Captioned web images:
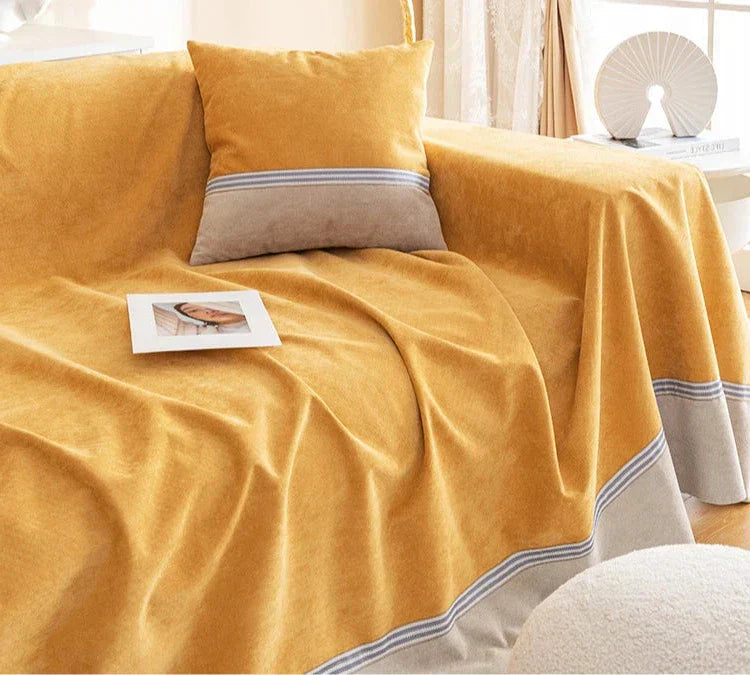 Quelle est la différence entre un jeté de canapé et une housse de canapé ?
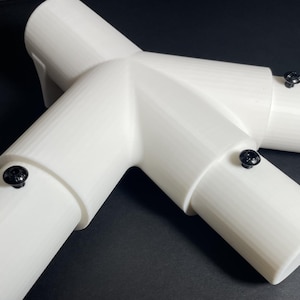 Puede incluir: Conector angular A-Pilar 180-65-45 de plástico blanco con tres aberturas cilíndricas y tornillos negros. El conector está diseñado para unir tubos en ángulos específicos. El texto "A-Pillar 180-65-45 Angle Shown" es visible.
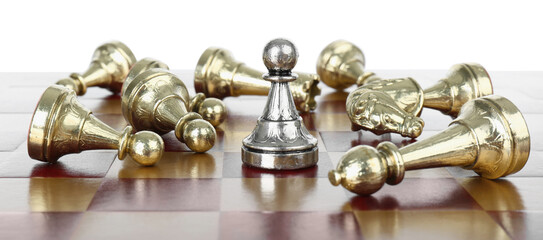 Fototapeta na wymiar Silver pawn among fallen golden chess pieces on wooden board against white background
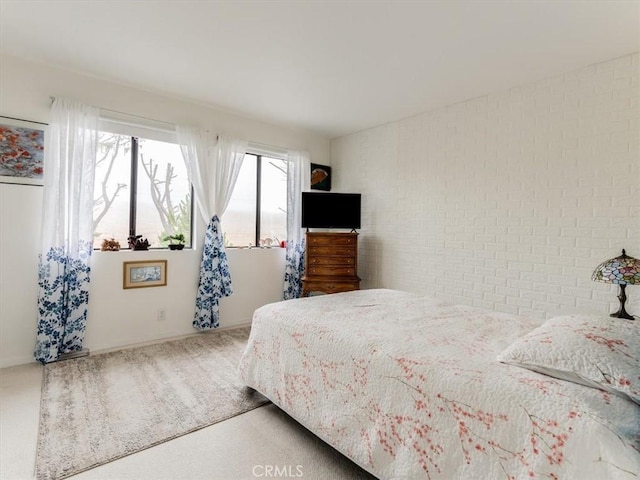 bedroom featuring brick wall and carpet floors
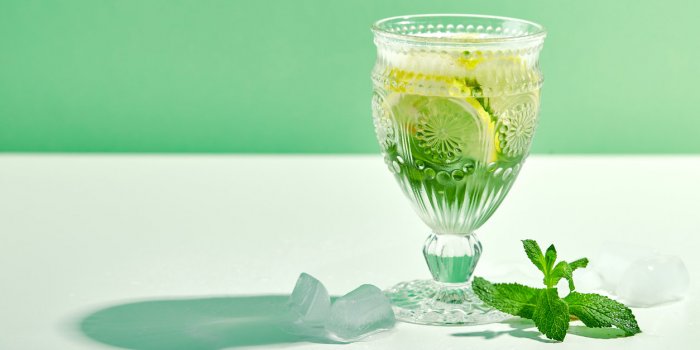 summer drink, fresh lemonade with mint, lemon and ice in wine glass mint infused water, alcoholic or non-alcoholiccocktai...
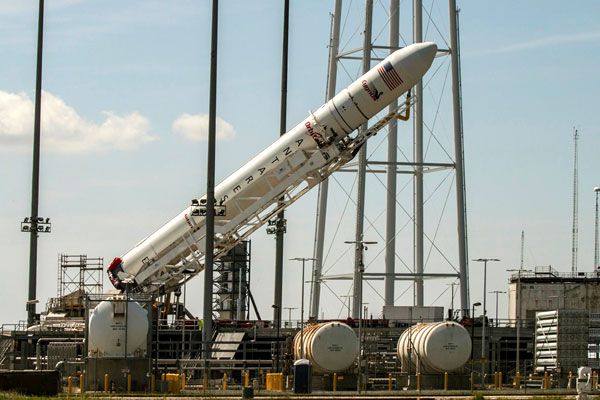 Orbital Sciences' Antares rocket is about to be poised into launch position on its pad at NASA's Wallops Flight Facility in Virginia, on September 13, 2013. Orbital Sciences' Antares rocket is about to be poised into launch position on its pad at NASA's Wallops Flight Facility in Virginia, on September 13, 2013.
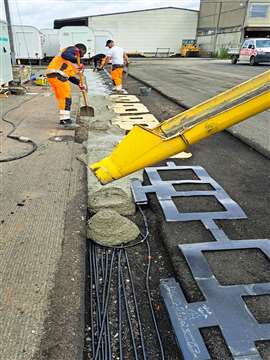 Workers lay asphalt over copper coils (Image: Strabag)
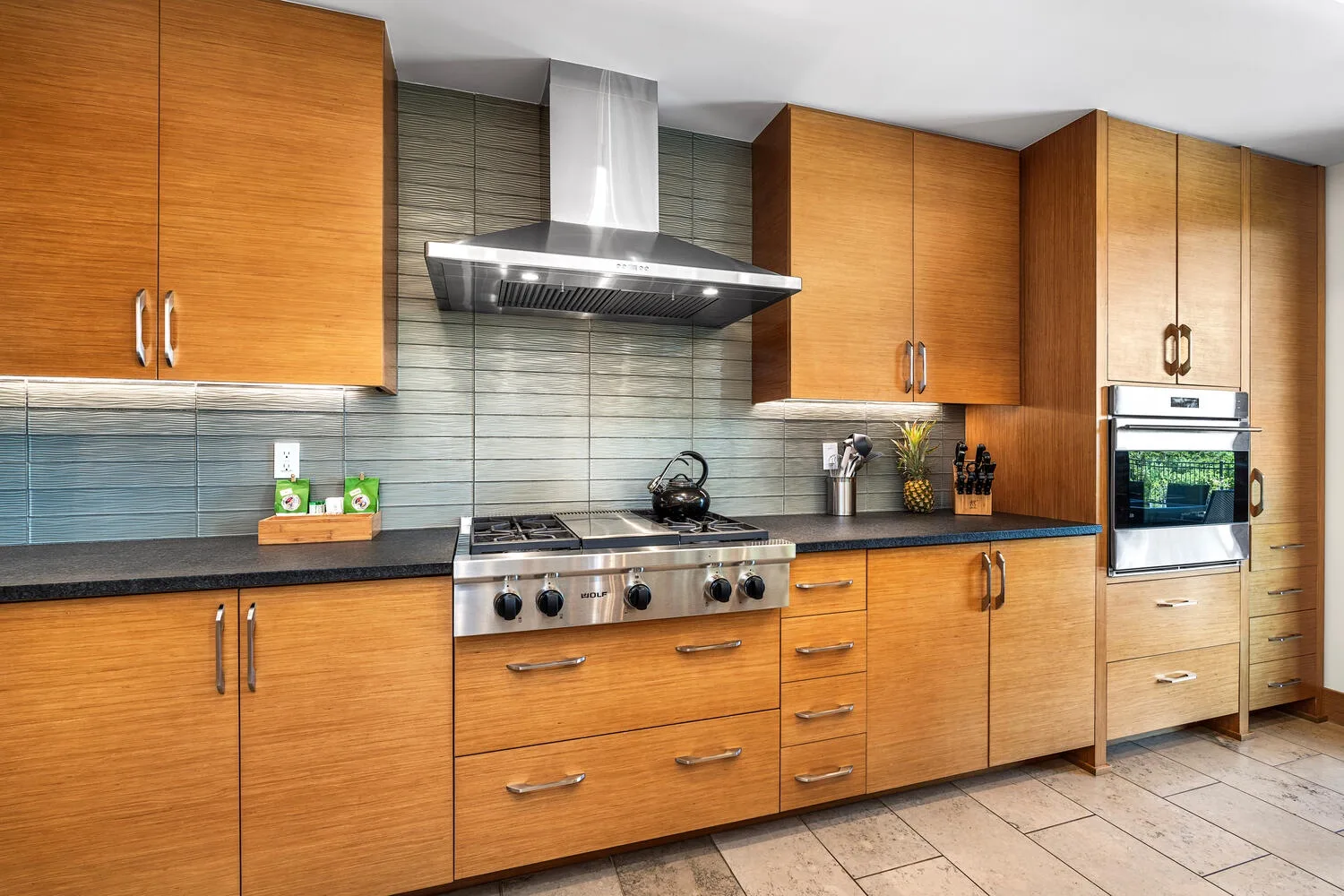 Una cocina con gabinetes de madera, una placa de cocina y una campana extractora.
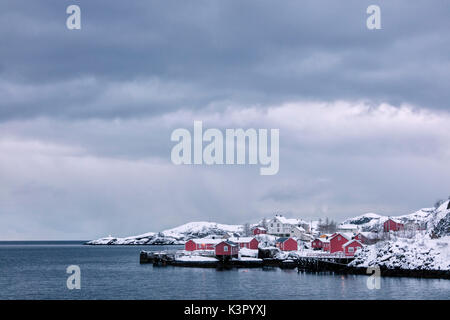 Kalte Meer und schneebedeckten Gipfeln Frame das Fischerdorf in der Dämmerung Nusfjord Lofoten Nordland Nordnorwegen Europa Stockfoto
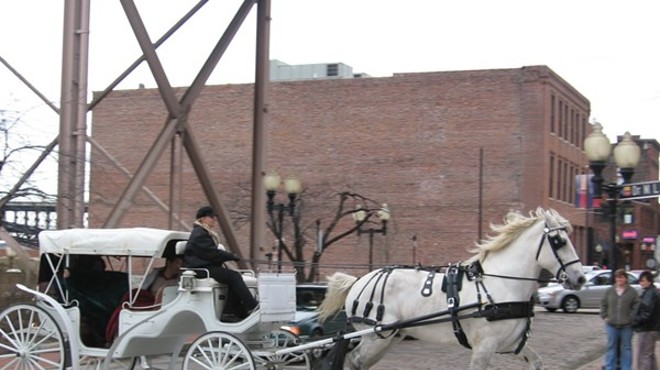 A horse-drawn carriage operates in Laclede's Landing.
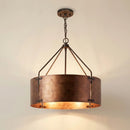 Bronze pendant light fixture on a neutral background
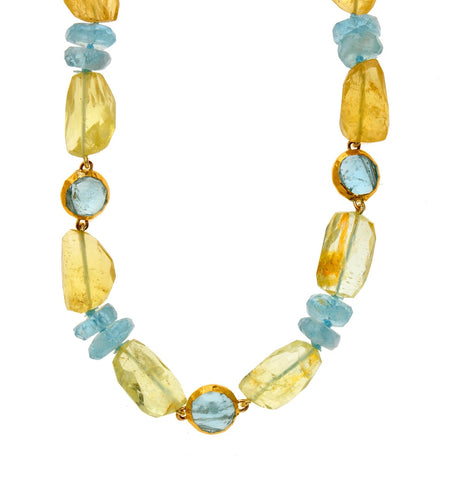 <P class=Body dir=ltr>Yellow Aquamarine Nugget Necklace with three round Aquamarines wrapped with 24K Gold</P>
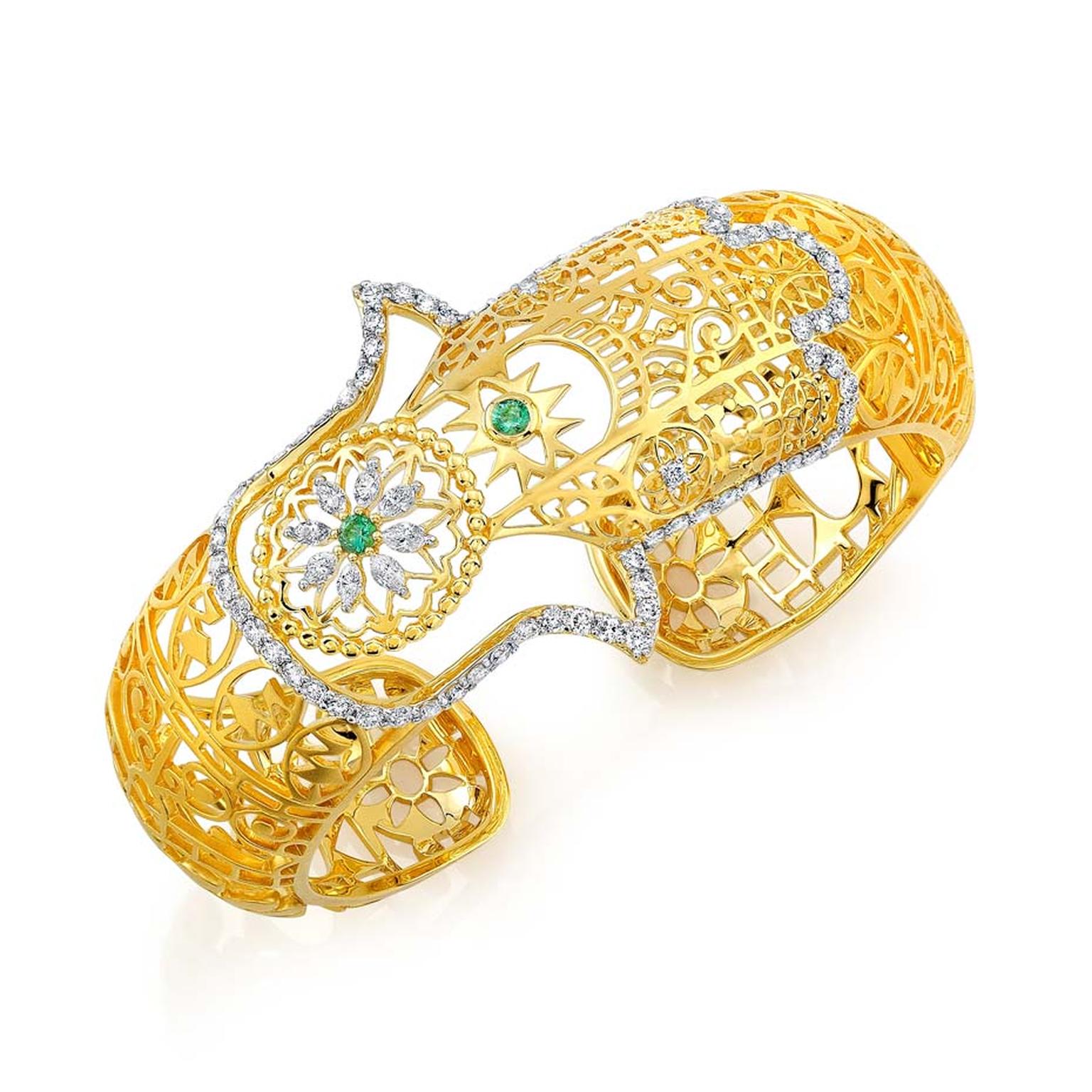 Buddha Mama filigree hinged Hamsa cuff with diamonds and emeralds ($18,400).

**Assignment**
When you transcribe these entries, keep every word exact and drop the pictures.

**Worked solution**
 Quelle est la différence entre un jeté de canapé et une housse de canapé ?
 Puede incluir: Conector angular A-Pilar 180-65-45 de plástico blanco con tres aberturas cilíndricas y tornillos negros. El conector está diseñado para unir tubos en ángulos específicos. El texto "A-Pillar 180-65-45 Angle Shown" es visible.
 Fototapeta na wymiar Silver pawn among fallen golden chess pieces on wooden board against white background
 bedroom featuring brick wall and carpet floors
 summer drink, fresh lemonade with mint, lemon and ice in wine glass mint infused water, alcoholic or non-alcoholiccocktai...
 Orbital Sciences' Antares rocket is about to be poised into launch position on its pad at NASA's Wallops Flight Facility in Virginia, on September 13, 2013. Orbital Sciences' Antares rocket is about to be poised into launch position on its pad at NASA's Wallops Flight Facility in Virginia, on September 13, 2013.
 Workers lay asphalt over copper coils (Image: Strabag)
 Una cocina con gabinetes de madera, una placa de cocina y una campana extractora.
 Kalte Meer und schneebedeckten Gipfeln Frame das Fischerdorf in der Dämmerung Nusfjord Lofoten Nordland Nordnorwegen Europa Stockfoto
 A horse-drawn carriage operates in Laclede's Landing.
 Bronze pendant light fixture on a neutral background
 <P class=Body dir=ltr>Yellow Aquamarine Nugget Necklace with three round Aquamarines wrapped with 24K Gold</P>
 Buddha Mama filigree hinged Hamsa cuff with diamonds and emeralds ($18,400).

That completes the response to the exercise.